Registered: 05/05/04
Posts: 4064
Loc: Limbo
Swords are not toys, but for some reason people want to think of them as such. The problem with cheap swords is they break easy. Add the fact that an individual has little or no experience with a bladed weapon and now it's twice as dangerous. I'm not saying everyone who buys a sword should take a sword art for years but they should at least learn some basic care and safety with a blade. This is a weapon designed to kill, not some toy to be given to every 15 year old that has seen The Last Samurai.

I also feel that if you’re not a SERIOUS collector or experienced practitioner of a sword art that there is no need for anything more than an iaito. I say serious collector because they tend to gain more knowledge about their purchase than an impulse buyer picking one up based on their flavor of the month. I'm also a firm believer that a live blade shouldn't be used by a student unless they are either being supervised by their instructor or have been told they can do so. There are reasons for starting out with bokken and iaito.

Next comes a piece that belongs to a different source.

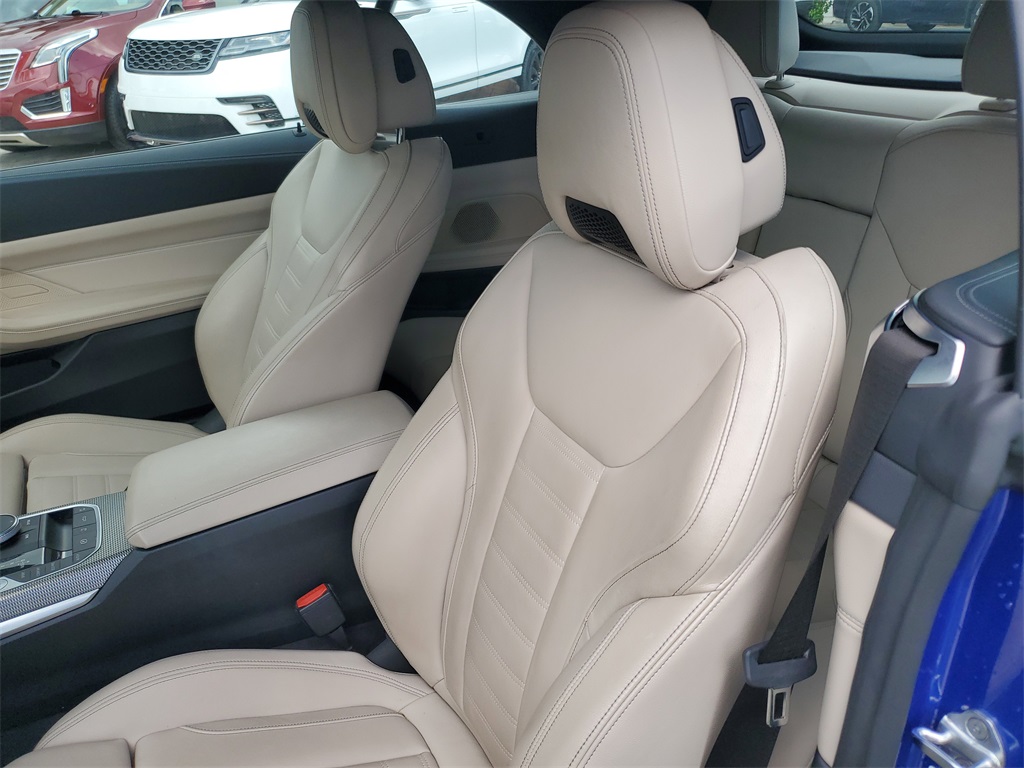 2021 Bmw M440i photo 15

[QUOTE]I wouldnt say you need to spend thousands of dollars for a "good" sword.[/QUOTE]

When it comes to Japanese you generally get what you pay for. Also the term good is kind of relative. What i thought was a good sword 10 years ago has changed greatly. What you may consider a good sword now will change with more experience as you learn the price of those short comings in the sword.

[QUOTE]It all depends on how your using it.[/QUOTE]

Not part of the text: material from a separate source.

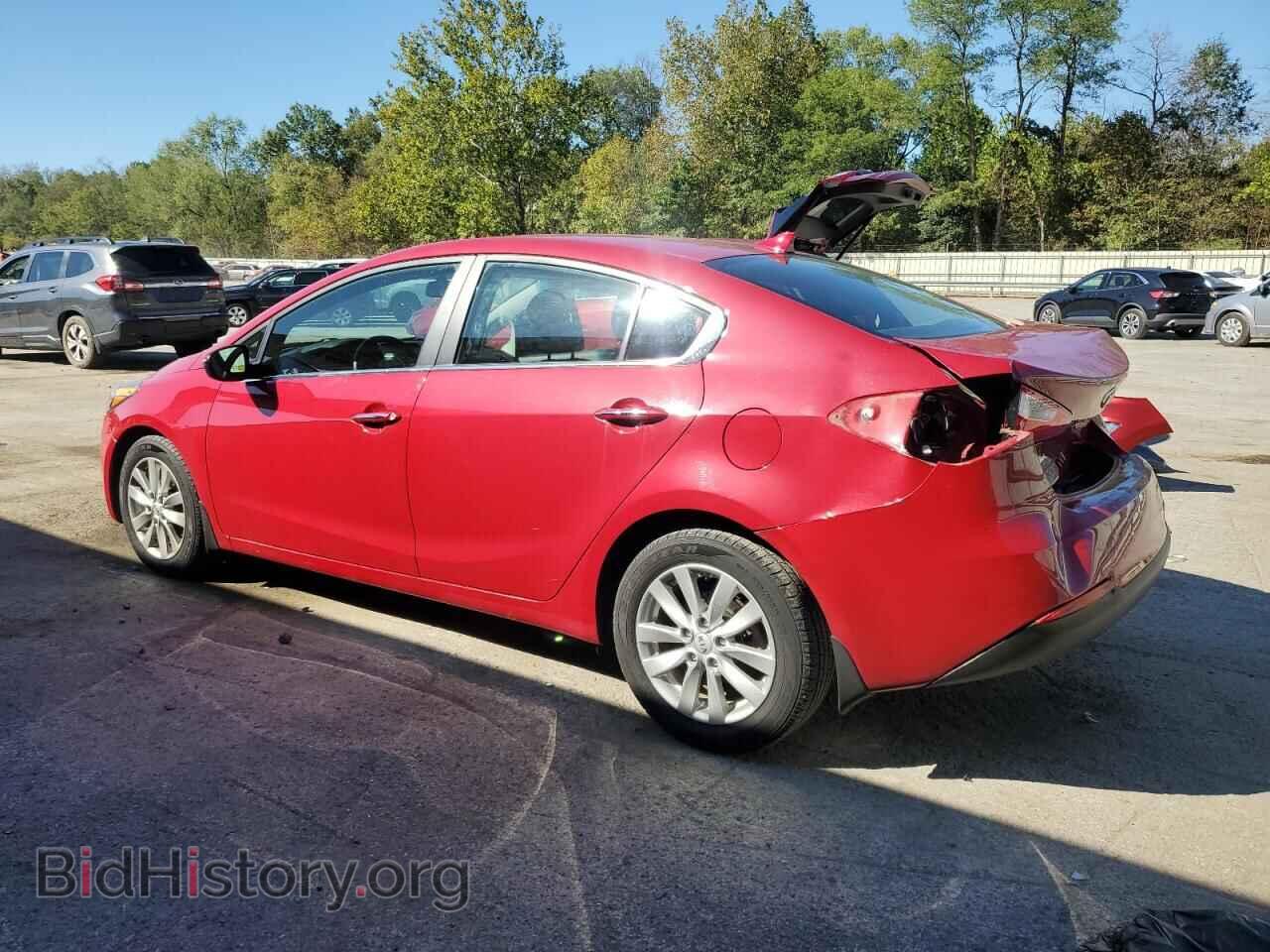 2014 KIA FORTE - VIN: KNAFX4A84E5099706 - Фото 2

More like it depends on IF you're going to use it. Granted the less you use the sword the less the chance of something going wrong, but a low quality sword is still just that regardless of how often you use it. The KIND of sword will be determined on how often you use it and what you use it for, not the quality.

[QUOTE]But you don't need to buy a $5000 sword from Angel swords if you aren't going to use it every other day in practice sparring.[/QUOTE]

A good point here is you don't use live blades for sparing. You generally use bokken of shinai. Point being if you are in a sword art and are at a level where you need a live blade you will by this time know what you need and how/where to get it.